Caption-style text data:
——————————
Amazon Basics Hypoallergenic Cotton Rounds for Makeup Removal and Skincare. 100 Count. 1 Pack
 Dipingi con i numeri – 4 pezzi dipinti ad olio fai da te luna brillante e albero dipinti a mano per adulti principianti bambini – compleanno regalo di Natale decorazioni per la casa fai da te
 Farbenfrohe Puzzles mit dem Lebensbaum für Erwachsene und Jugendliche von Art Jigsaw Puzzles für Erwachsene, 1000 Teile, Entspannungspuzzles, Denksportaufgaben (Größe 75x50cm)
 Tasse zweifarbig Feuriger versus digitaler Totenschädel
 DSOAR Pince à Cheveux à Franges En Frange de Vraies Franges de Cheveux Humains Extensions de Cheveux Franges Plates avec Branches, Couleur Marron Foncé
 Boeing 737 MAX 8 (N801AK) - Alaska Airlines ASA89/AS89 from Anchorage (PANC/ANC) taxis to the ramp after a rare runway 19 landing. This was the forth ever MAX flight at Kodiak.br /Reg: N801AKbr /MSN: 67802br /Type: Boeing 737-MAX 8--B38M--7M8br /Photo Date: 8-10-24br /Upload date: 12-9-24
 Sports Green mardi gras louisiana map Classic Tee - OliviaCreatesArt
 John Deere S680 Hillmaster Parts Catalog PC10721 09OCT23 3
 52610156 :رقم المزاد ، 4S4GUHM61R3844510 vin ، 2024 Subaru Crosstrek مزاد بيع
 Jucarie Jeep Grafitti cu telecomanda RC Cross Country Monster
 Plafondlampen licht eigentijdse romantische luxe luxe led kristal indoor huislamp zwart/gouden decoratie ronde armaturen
——————————
■ What you will do ■
Using the data above, repeat exactly the lines that begin at the line with "Tasse zweifarbig Feuriger" and end at the line with "Jucarie Jeep Grafitti", both ends included.

■ Result of this exercise ■
 Tasse zweifarbig Feuriger versus digitaler Totenschädel
 DSOAR Pince à Cheveux à Franges En Frange de Vraies Franges de Cheveux Humains Extensions de Cheveux Franges Plates avec Branches, Couleur Marron Foncé
 Boeing 737 MAX 8 (N801AK) - Alaska Airlines ASA89/AS89 from Anchorage (PANC/ANC) taxis to the ramp after a rare runway 19 landing. This was the forth ever MAX flight at Kodiak.br /Reg: N801AKbr /MSN: 67802br /Type: Boeing 737-MAX 8--B38M--7M8br /Photo Date: 8-10-24br /Upload date: 12-9-24
 Sports Green mardi gras louisiana map Classic Tee - OliviaCreatesArt
 John Deere S680 Hillmaster Parts Catalog PC10721 09OCT23 3
 52610156 :رقم المزاد ، 4S4GUHM61R3844510 vin ، 2024 Subaru Crosstrek مزاد بيع
 Jucarie Jeep Grafitti cu telecomanda RC Cross Country Monster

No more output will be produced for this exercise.